Prevent instead of cure

One-offs are the most common. Above all, stress prevention techniques and specific training. They deliver good results workshops or emotional competence workshops. They improve social skills, teach how to reduce work pressure and pace, show how to balance work and private life and at the same time promote confidence in one’s own abilities. From a personal point of view, career planning after a self-analysis of strengths, weaknesses and interests – according to the degree of addiction achieved – achieves similar results.

support in the company. Through targeted audits, the company recognizes the problem as legitimate and can support the addict. Eliminate excessive working hours, guarantee flexible working hours, pay attention to time distribution, do not reinforce heroic behavior (such as 50 or 60 hours a week or more), increase part-time work and schedule sporting activities.

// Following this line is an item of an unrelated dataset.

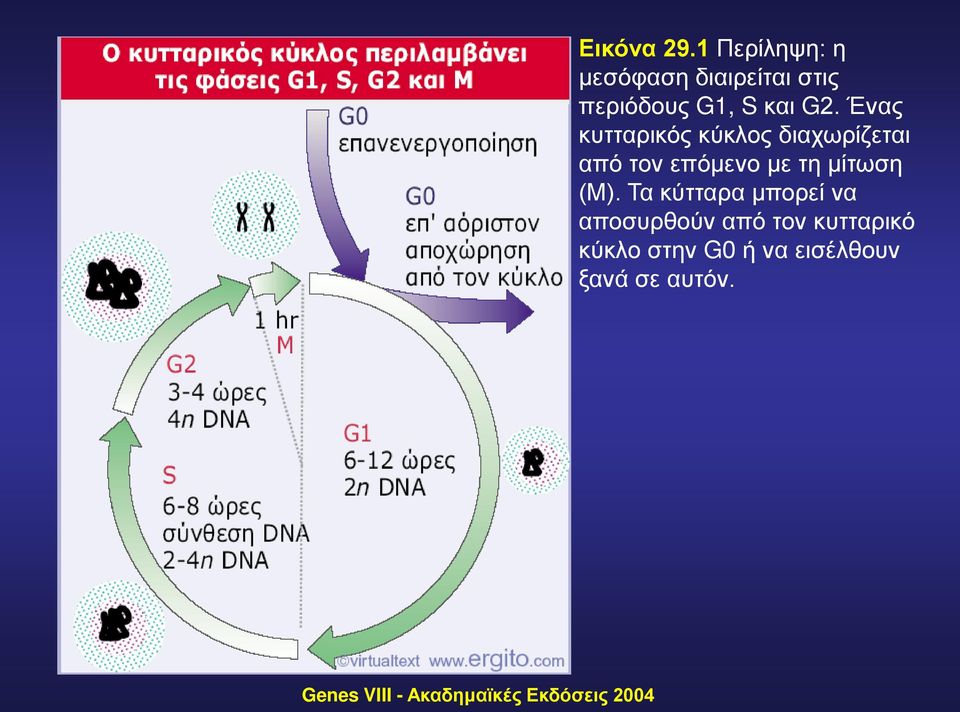 Ένας κυτταρικός κύκλος διαχωρίζεται από τον επόμενο με τη μίτωση (Μ).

That means creating anti-addiction measures from day one of working life.

In Spain, the Employee Assistance Programs (PAE), which prioritize the shared responsibility of workers and employers for health, safety and social issues and are designed for workers with alcohol problems, are used to combat stress and workaholism. In addition, a peer support group would include the employee.

society and family. Parents of workaholics often create a family environment that increases the likelihood of future dependencies. Therefore, group therapy is recommended. It is the dysfunctional family that provides the best information about the addict. Experts also recommend campaigns that warn against the increasing presence of this addiction in companies and make its consequences clear.

Are you a “workaholic”?

Answer the following questions honestly with YES or NO:

a. I feel guilty when I have nothing to do at work.

two. I am unable to refuse the demands of superiors and colleagues.

3. I have trouble prioritizing my work.

Four. I am continuously accelerated.

5. When I’m interrupted, I get impatient and irritable.

6. I have too many things at once.

7. I usually think about work when I’m not at the company.

8th. I’m one of the last to leave.

9. I feel guilty or depressed when I leave.

10 I’m scared when the holidays come.

eleven. I usually bring work home at weekends or during vacations.

12. I postpone my vacation or do without it without any problems.

13. I don’t mind working more hours than I should.

14 My family insists that I don’t work that hard.

fifteen. I usually compete with myself to get everything done in record time.

16 I find it impossible to relax when I’m working.

17 I can’t switch off during leisure activities.

18 I think I neglected family and friends because I worked so hard.

19 I think I have health problems because I work so much.

twenty. In my work, I commit to doing more things than I can.

twenty-one. I always strive to do everything perfectly in my work. My house is my second office.

22 I fight to be number one or the best at everything.

23 I fight to be number one or the best at everything.

24 My house is my second office.

25 I dedicate all my time and energy to work success.

By number of positive answers:

Less than 4: low probability. Between 4 and 7: slightly addictive. Between 8 and 15: Danger to your health. More than 16: high risk for your health.